(DATA SUPPLIED begins)
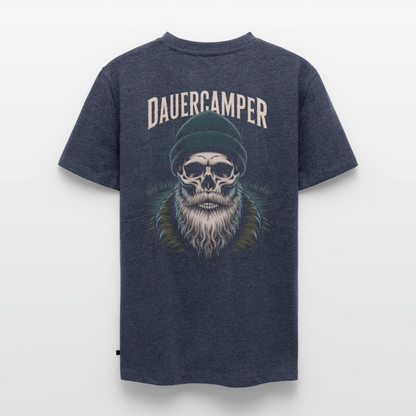 Dauercamper - Herren Camping T-Shirt - Jeansblau 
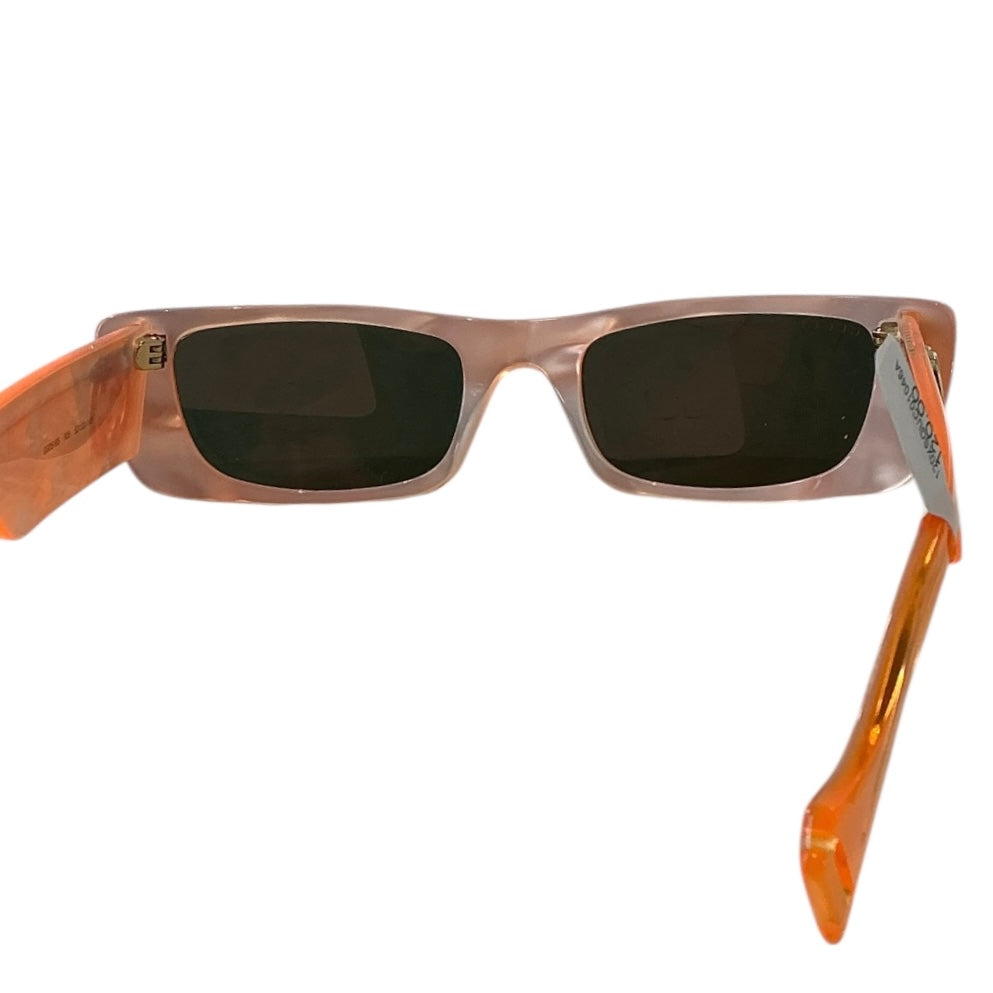 GUCCI GG0516S 0516 Fluorescent Neon Orange Pearl Geometric Slim Sunglass Unisex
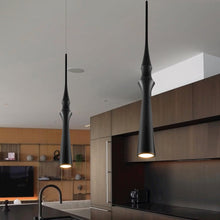 Load image into Gallery viewer, Integrated LED Height Adjustable Pendant Light in Black
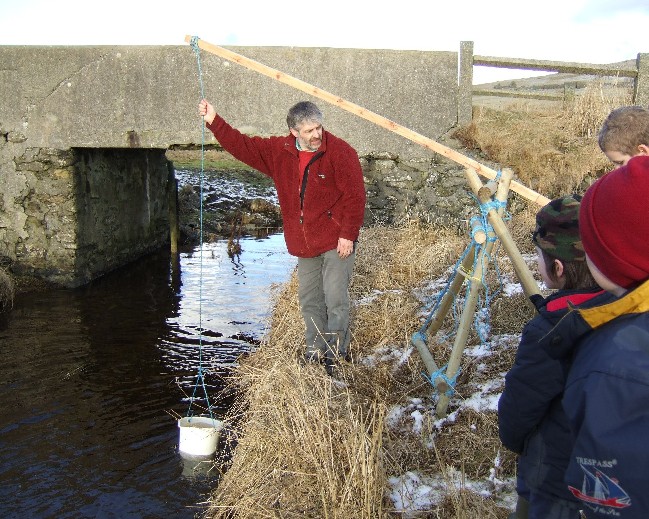 Down by the brig, a school draws water!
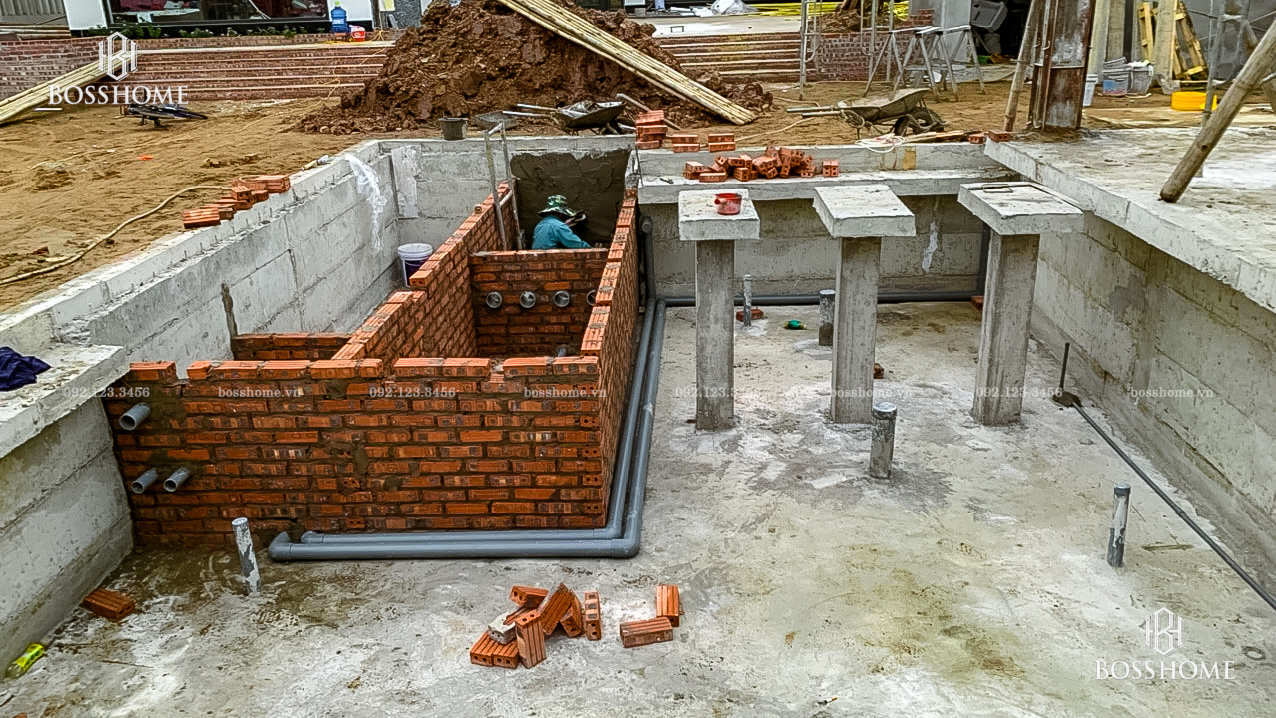 Dự án cảnh quan đang thi công tại Bắc Giang (3)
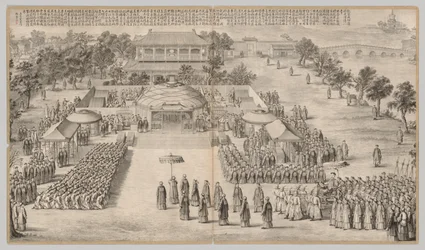 勝利の宴会：反逆の叫びの戦いの場面から...、c。 1765-1774、日付の詩1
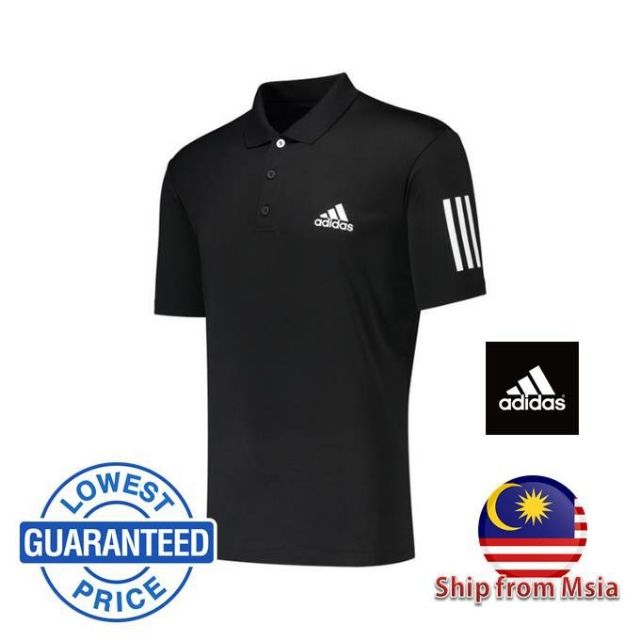 💯 Adidas® Polo Fit Line T shirt Cotton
(DATA SUPPLIED ends)
- EXERCISE PROMPT -
Would you please repeat the lines above exactly, from the first line of the listing through the line holding "Dự án cảnh quan", with nothing added and no pictures?

- SOLUTION -
 Dauercamper - Herren Camping T-Shirt - Jeansblau 
 GUCCI GG0516S 0516 Fluorescent Neon Orange Pearl Geometric Slim Sunglass Unisex
 Load image into Gallery viewer, Integrated LED Height Adjustable Pendant Light in Black
 Down by the brig, a school draws water!
 Dự án cảnh quan đang thi công tại Bắc Giang (3)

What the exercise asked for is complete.